The Great Debate: On-Body Vs. Off-Body Carry

posted on March 30, 2018

Once you decide to become a card-carrying, concealed-carry (CCW) citizen, you will find yourself asking two questions every morning: What should I wear? and How will I carry? You might want to throw a third question in there, too: Where am I going?

After you decide what to wear, that’s when you need to decide how you’re going to carry a concealed firearm. Will you wear your firearm on your body or off your body? These are the only two options available and they require not only different gear, but also different training.

5 Reasons For On-Body Carry

From your armpits to your ankles, you can wear a concealed firearm in many holster designs. Here are five reasons to carry on your body.

 1. Keep your friends close and your firearm closer. Close can mean a faster draw, if the setup is right.

 2. You will never have that “purse moment” when you frantically wonder where the gun is, if you know it’s holstered and on your person.

 3. It is technically more secure to keep your gun on your person. It can’t get ripped off your body as a purse can be. Note: Wearing your gun in a back holster is often discouraged by self-defense experts. That’s because the first place a robber or rapist wants you to be is on your back.

 4. Concealment is king here. Once you know what to look for in most CCW purses or bags, you can spot these types of carrying devices easily – and so can others. Heavier straps, zippers and compartments all make for a great carry bag, but they can also make for an easy target.

 5. If there are children in the area, you absolutely need to know where your gun is at all times, but especially in this situation.

5 Reasons for Off-Body Carry

 1. Off-body doesn’t mean you have to wear a fanny pack like Grandpa wears. Not only are there lots of attractive options for both men and women, like purses, briefcases and tablet cases, but there's another advantage: If you carry off the body, you might decide to choose a larger caliber and firearm, too. (Make sure you are comfortable with the weight of that firearm, though. It might be a long day, otherwise.) Another point is that women might encounter a few bumps in the road that make on-body carry difficult. Creative curves, disabilities and pregnant bellies might make it difficult to draw, and/or it is uncomfortable. 
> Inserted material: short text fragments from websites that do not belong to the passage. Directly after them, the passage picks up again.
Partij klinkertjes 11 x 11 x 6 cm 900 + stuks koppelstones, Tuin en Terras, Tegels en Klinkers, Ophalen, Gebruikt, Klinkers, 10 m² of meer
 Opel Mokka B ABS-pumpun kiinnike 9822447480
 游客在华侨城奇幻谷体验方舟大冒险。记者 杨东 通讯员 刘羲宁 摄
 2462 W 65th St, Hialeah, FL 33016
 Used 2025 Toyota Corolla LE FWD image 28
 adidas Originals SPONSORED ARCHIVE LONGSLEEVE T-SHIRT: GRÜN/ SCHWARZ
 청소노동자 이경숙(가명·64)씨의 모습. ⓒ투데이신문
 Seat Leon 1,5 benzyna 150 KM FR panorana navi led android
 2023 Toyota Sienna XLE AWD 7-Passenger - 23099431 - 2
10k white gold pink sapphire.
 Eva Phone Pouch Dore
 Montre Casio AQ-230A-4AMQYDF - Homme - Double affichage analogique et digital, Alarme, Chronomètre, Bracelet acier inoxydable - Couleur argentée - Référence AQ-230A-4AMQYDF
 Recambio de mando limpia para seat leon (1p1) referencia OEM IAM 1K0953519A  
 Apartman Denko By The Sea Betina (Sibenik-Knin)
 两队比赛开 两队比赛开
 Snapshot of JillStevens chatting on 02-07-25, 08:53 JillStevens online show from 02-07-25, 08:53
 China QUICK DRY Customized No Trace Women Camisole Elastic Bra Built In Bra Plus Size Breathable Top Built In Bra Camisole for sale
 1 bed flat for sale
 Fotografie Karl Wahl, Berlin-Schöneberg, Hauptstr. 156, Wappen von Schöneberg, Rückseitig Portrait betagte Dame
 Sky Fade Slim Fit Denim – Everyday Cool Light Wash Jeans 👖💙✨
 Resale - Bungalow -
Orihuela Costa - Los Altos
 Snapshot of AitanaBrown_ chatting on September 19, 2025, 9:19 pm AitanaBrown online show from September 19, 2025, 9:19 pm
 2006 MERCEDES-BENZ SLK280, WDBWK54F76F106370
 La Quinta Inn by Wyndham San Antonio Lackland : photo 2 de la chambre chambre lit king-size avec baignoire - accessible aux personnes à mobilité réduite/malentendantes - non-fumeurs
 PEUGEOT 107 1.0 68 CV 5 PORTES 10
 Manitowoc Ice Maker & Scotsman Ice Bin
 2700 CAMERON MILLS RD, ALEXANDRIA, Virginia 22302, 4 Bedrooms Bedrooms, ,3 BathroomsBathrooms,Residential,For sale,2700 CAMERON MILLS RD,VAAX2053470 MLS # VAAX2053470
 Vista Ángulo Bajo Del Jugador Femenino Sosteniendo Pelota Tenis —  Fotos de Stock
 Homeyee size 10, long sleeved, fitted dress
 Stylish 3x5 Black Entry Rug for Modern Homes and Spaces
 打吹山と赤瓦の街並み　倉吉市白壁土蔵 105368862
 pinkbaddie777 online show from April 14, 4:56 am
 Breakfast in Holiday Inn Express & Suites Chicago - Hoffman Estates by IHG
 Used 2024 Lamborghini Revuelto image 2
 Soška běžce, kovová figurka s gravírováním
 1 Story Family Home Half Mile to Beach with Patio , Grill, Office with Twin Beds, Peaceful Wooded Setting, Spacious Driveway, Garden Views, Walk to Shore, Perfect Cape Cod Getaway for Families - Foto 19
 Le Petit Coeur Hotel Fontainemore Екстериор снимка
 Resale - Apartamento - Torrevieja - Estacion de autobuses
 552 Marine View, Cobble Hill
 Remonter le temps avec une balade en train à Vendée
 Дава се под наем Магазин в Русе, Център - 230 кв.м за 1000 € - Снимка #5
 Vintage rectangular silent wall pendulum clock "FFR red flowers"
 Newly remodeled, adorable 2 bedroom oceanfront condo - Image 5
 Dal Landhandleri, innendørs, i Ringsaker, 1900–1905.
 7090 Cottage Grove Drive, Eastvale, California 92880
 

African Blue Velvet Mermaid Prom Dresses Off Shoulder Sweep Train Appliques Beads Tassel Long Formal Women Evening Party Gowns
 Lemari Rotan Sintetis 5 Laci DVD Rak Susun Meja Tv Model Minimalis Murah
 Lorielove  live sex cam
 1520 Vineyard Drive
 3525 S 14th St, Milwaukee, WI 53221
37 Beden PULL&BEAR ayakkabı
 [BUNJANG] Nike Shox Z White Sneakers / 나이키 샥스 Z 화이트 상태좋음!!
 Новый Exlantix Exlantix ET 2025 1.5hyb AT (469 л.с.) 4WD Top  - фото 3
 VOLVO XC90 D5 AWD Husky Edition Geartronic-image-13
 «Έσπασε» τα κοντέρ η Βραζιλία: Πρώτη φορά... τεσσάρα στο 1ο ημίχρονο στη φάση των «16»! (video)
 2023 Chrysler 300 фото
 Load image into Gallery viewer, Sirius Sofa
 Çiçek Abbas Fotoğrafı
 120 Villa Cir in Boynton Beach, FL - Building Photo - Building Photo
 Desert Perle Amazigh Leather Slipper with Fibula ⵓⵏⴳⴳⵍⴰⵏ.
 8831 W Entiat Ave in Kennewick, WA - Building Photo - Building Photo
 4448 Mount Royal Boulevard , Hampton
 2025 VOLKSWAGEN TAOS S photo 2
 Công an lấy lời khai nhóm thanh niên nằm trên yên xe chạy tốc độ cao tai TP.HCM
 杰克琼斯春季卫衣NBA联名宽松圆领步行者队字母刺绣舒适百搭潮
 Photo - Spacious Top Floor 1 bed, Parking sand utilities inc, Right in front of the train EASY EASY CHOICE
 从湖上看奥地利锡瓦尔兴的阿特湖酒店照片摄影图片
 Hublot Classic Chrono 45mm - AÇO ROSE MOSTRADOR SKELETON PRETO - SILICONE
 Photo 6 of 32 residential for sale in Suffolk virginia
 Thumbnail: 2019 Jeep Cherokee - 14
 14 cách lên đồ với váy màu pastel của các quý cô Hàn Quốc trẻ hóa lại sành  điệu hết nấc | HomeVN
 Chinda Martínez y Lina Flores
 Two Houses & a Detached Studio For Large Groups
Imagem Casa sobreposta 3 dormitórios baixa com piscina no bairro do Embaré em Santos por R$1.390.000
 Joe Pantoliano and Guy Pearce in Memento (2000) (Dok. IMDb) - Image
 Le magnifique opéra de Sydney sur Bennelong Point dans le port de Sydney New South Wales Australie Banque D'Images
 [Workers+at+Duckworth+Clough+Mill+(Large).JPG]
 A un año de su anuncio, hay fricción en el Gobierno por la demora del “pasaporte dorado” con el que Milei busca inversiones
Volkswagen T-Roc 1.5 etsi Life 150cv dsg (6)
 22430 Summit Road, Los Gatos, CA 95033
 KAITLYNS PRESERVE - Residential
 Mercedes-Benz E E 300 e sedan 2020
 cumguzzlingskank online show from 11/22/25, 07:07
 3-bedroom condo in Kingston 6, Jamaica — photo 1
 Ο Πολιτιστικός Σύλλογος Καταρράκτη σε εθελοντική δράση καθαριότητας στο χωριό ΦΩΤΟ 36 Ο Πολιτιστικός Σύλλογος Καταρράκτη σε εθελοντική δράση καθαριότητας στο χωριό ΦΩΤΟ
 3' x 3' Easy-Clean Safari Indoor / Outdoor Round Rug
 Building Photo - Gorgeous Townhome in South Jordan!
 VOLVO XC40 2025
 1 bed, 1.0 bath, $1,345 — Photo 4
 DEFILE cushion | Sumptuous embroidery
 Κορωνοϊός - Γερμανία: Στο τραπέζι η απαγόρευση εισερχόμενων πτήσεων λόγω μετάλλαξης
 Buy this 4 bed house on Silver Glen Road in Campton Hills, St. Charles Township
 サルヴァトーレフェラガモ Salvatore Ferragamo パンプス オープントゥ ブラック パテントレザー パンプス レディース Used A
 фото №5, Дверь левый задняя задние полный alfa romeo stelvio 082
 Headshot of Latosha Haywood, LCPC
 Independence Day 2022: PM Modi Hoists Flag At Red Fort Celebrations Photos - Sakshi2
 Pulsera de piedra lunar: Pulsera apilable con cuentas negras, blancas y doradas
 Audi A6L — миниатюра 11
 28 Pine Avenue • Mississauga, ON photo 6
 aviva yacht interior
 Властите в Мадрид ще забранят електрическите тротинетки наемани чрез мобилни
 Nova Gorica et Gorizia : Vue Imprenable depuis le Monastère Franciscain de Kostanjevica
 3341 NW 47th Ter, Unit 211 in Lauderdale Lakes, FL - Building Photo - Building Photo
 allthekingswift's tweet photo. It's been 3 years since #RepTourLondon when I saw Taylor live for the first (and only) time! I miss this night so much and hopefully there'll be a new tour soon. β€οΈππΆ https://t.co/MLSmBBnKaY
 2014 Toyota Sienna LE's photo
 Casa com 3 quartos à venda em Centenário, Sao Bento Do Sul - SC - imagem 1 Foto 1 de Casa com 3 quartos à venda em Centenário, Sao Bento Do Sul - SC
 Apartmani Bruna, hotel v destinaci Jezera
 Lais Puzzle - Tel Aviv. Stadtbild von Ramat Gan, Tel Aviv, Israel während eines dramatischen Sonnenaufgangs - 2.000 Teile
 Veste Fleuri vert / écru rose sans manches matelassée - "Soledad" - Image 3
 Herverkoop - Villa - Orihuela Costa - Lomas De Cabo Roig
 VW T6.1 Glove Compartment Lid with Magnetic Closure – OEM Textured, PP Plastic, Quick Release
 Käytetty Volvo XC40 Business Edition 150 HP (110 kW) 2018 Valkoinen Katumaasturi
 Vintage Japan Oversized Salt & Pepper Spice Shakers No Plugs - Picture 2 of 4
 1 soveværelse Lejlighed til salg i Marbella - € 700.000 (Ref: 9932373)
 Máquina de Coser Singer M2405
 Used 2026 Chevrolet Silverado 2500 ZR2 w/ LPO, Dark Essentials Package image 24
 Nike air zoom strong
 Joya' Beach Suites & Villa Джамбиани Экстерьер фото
 2. Another point that affects the ladies: If you are wearing an evening gown or dress, most will not accommodate any type of holster other than one that fits between your legs. Awkward. It’s called printing and you don’t want your gun to do it. You can buy CCW clutches with wrist straps.

 3. For carrying in a vehicle, you can set your purse, briefcase or tablet holder on the floor or seat next to you. No need to unholster it and put it somewhere on its own (unless your state requires you to do so). And also, it’s difficult with some holster setups to re-dress in a parking lot or re-holster in the car.

 4. Perhaps you choose to wear more trendy clothing that might include spandex, "athletic cuts" or tight-fitting fabric. If so, it’s time to look for a cross-body purse, little pack or other type of carry bag. Just make sure you can keep it close and attached in some way. 

 5. Maybe you are active. If you are doing something that makes you bounce up and down you have to ask yourself if you want to wear a belly band while doing this exercise, or do you want to put it in a front pack of some type? Note: I never recommend tucking a gun into a backpack unless you absolutely must. Talk about being hard to draw from!

Just to complicate the debate, here are two questions you should be asking yourself:

1. Where am I going?
If there is a chance that you will be going to a federal building, school or any place that is against the law to carry, you had better have thought about this way before you stepped out the door and dressed for the day. Know your state’s rules and regulations regarding concealed carry and where it’s permitted, and where you’ll have to park 1,000 yards away and place your gun into a case, or whatever. This is why you must think about your schedule for the day as you dress for your gun. If you’re in an urban area, and need to go into a building where you cannot carry, think about how you are going to secure that firearm in a way that doesn’t brandish it before you do secure it.

2. Have I trained for this type of situation?
For any of the above methods of carry, you must train – experts love the idea of dry-firing your concealed carry gun without any ammunition in the gun or in the vicinity at all. Imagine yourself in the worst situation, play the “what it” game in your head – food court at the mall, church, office, you name it. Are you confident with drawing from the method you've chosen?